Nothing but the lines from the one holding "An assortment of Hawaiian dishes" through the last line of the material below should be set down, exactly and without images.

---------- Available data

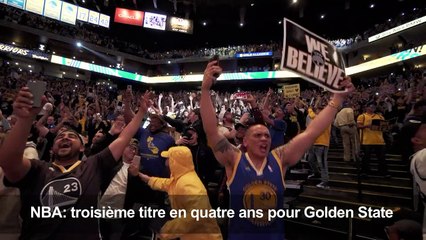 Les fans des Warriors fêtent le titre de champions NBA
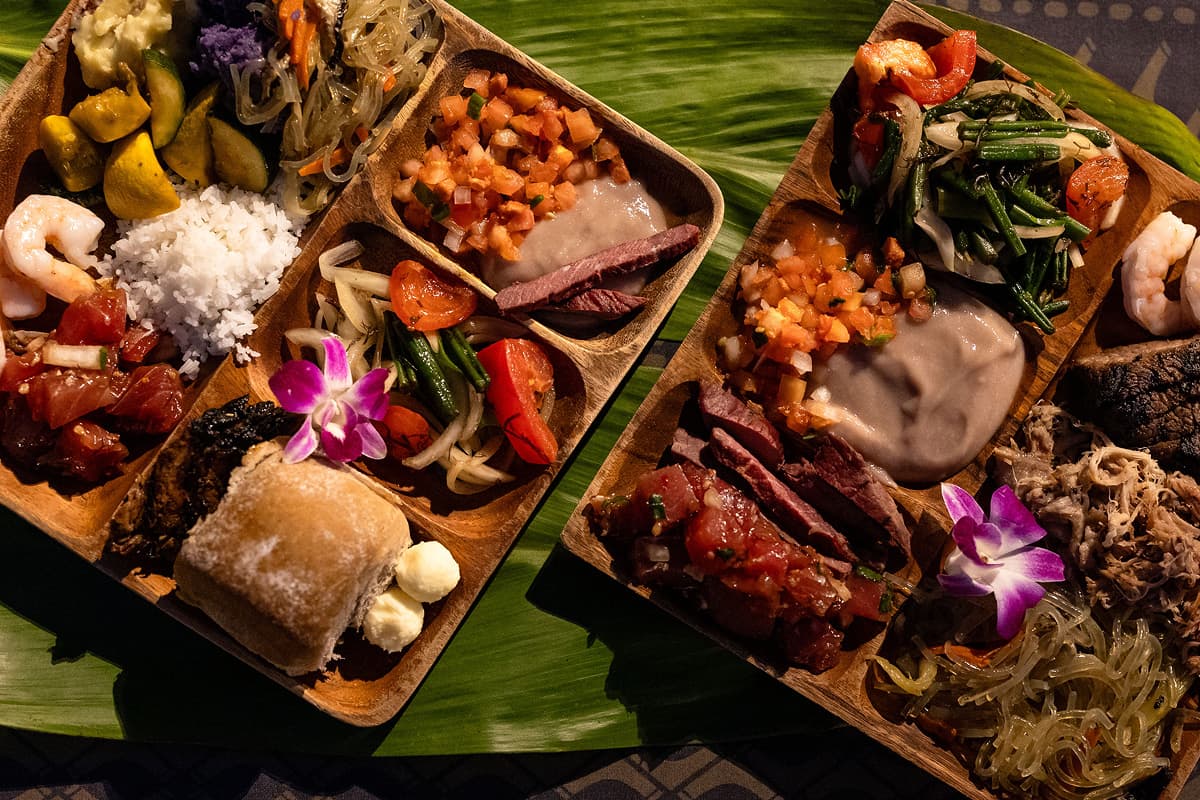 An assortment of Hawaiian dishes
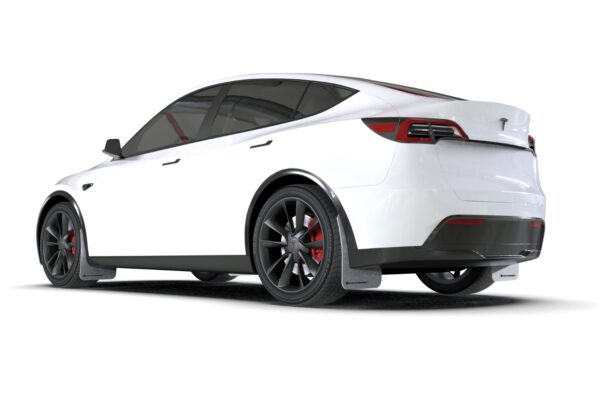 Rally Armor White UR Mud Flap w/ Black Logo For Tesla Model Y 2020-2024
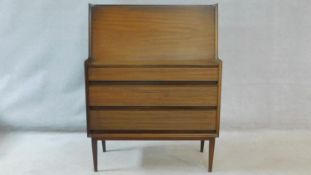 A Richard Hornby 1960's vintage afromosia bureau for Fyne Ladye Furniture with a fitted interior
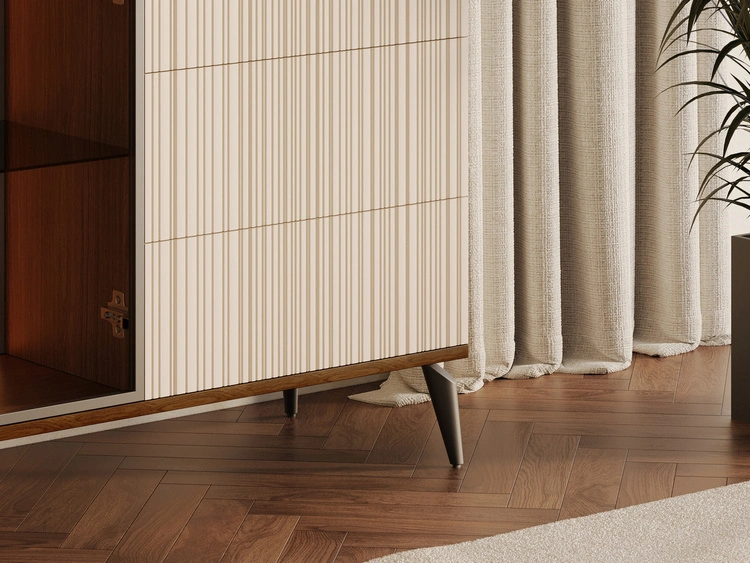 Kommode mit Türen und Schubladen Vinni Dunkler Walnuss Cashmere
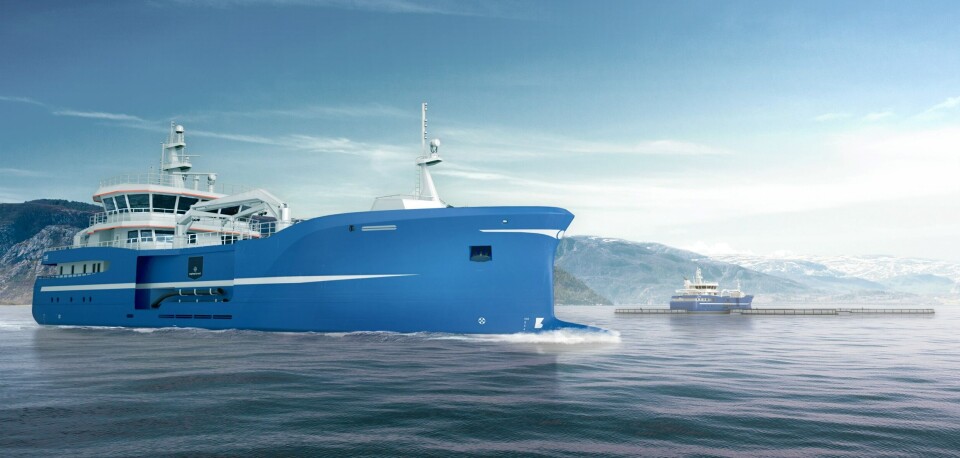 «Aqua Merdø». Fotoillustrasjon: DESS Aquaculture Shipping.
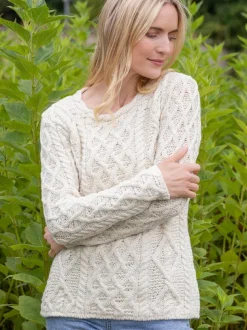 Lambay Lattice Cable Aran Sweater Natural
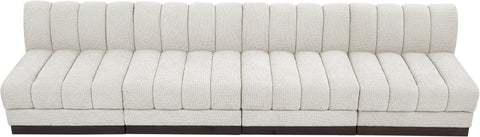 Porter Cream Chenille Fabric Modular Sofa S128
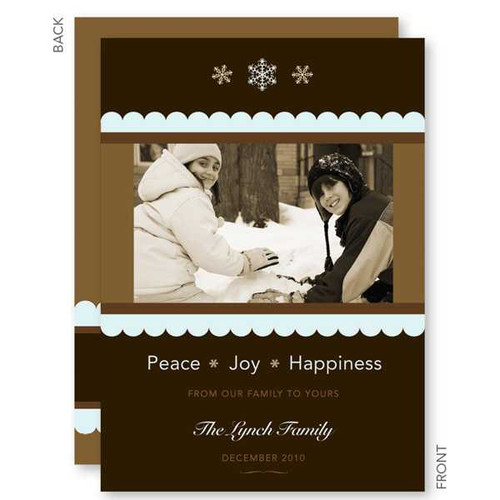 custom christmas cards | Ribbon & Flakes Christmas Photo Cards by Spark & Spark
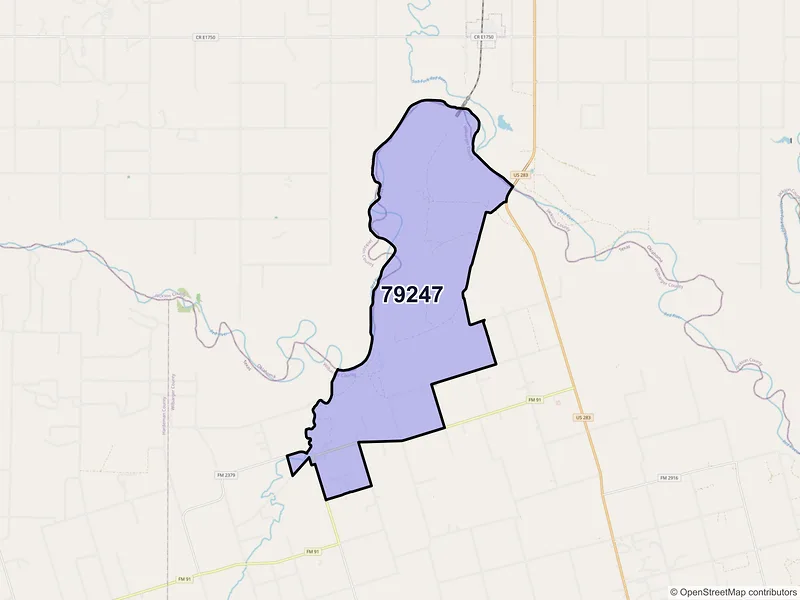Map of ZIP Code 79247 — Odell, TX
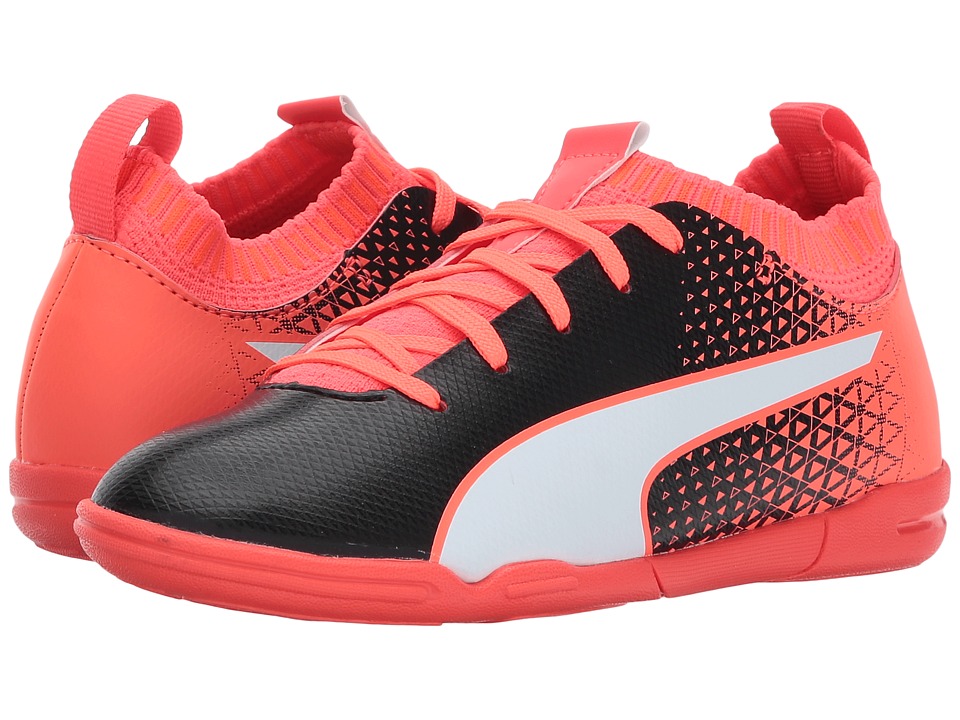 Puma Kids evoKnit FTB IT (Little Kid/Big Kid) (Puma Black/Puma White/Fiery Coral) Kids Shoes
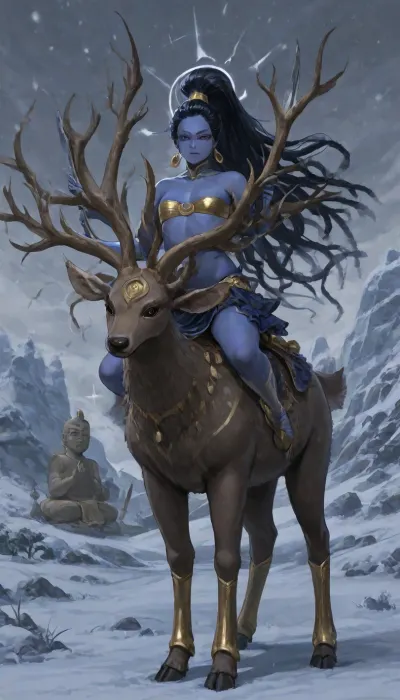 1girl, solo, 30yo, (((Shiva, Buddha))), (double sword), halo, voluminous extremely long dreadlocks ponytail, slim body, perfect eyes, deep gaze, freckles, bandeau bra, flat chest, long ruffled skirt, very high heels, knee high boots, ((riding a giant deer)), (snowy mountains), full body view, ac_neg1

--------------------

Solution to this exercise:
 An assortment of Hawaiian dishes
 Rally Armor White UR Mud Flap w/ Black Logo For Tesla Model Y 2020-2024
 A Richard Hornby 1960's vintage afromosia bureau for Fyne Ladye Furniture with a fitted interior
 Kommode mit Türen und Schubladen Vinni Dunkler Walnuss Cashmere
 «Aqua Merdø». Fotoillustrasjon: DESS Aquaculture Shipping.
 Lambay Lattice Cable Aran Sweater Natural
 Porter Cream Chenille Fabric Modular Sofa S128
 custom christmas cards | Ribbon & Flakes Christmas Photo Cards by Spark & Spark
Map of ZIP Code 79247 — Odell, TX
 Puma Kids evoKnit FTB IT (Little Kid/Big Kid) (Puma Black/Puma White/Fiery Coral) Kids Shoes
 1girl, solo, 30yo, (((Shiva, Buddha))), (double sword), halo, voluminous extremely long dreadlocks ponytail, slim body, perfect eyes, deep gaze, freckles, bandeau bra, flat chest, long ruffled skirt, very high heels, knee high boots, ((riding a giant deer)), (snowy mountains), full body view, ac_neg1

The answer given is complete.